:: Work item ::
Write out the listing exactly, from its first line through the line holding "What is a program?", but include none of the pictures.

:: Supplied information ::

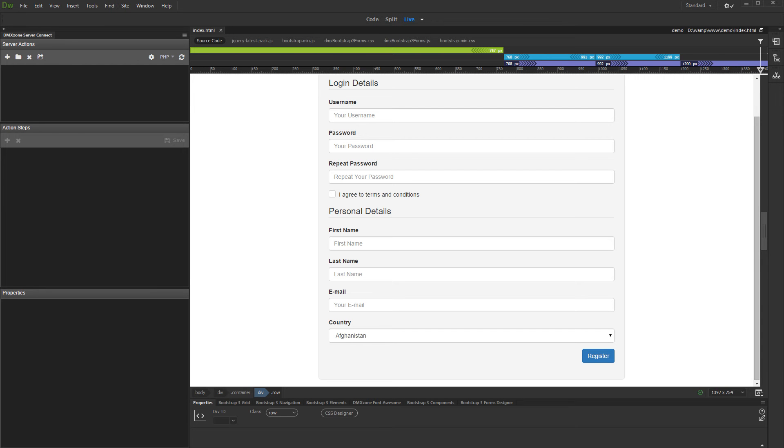Hi. With this movie we will show you how to enable DNX Zone App Connect panel in Dreamweaver and the basic features packed in the extension.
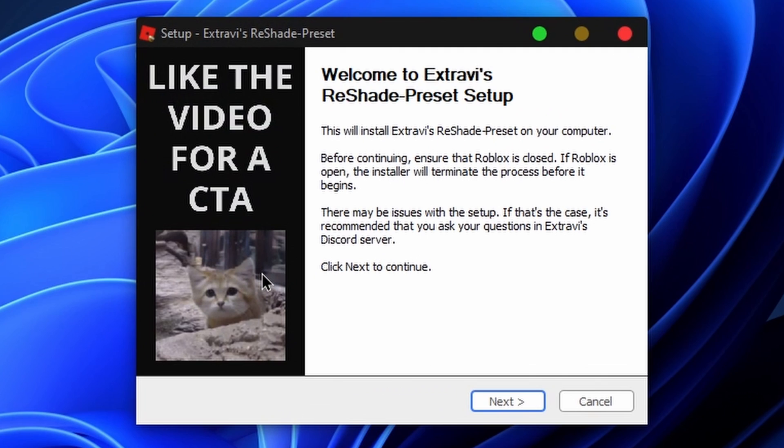Once you've done that, you're going to want to run the executable. But before we begin, please note that once the executable is done installing, you're going to have to activate it within Roblox, so stick around for that.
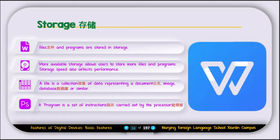What is a program? A program is a set of instructions carried out by a processor. Software is basically a set of instructions that you use to perform different operations on files. For example, Photoshop is a program to edit images. You need word processing software, for example WPS or Microsoft Word, to perform actions on word files and documents. This is the difference between files and programs.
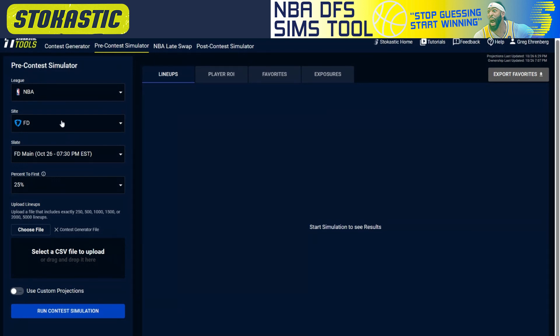Make sure that you have the site selected that mirrors the site you just built lineups for, and same with the slate. If you're playing on the main slate, make sure the main slate is selected. Then for percent payout to first, select whichever contest you're going to be playing in. For example, if the contest has a $400,000 prize pool and it's $100,000 to first place, you're going to want to select 25% to first.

:: Answer to the exercise ::
Hi. With this movie we will show you how to enable DNX Zone App Connect panel in Dreamweaver and the basic features packed in the extension.
Once you've done that, you're going to want to run the executable. But before we begin, please note that once the executable is done installing, you're going to have to activate it within Roblox, so stick around for that.
What is a program? A program is a set of instructions carried out by a processor. Software is basically a set of instructions that you use to perform different operations on files. For example, Photoshop is a program to edit images. You need word processing software, for example WPS or Microsoft Word, to perform actions on word files and documents. This is the difference between files and programs.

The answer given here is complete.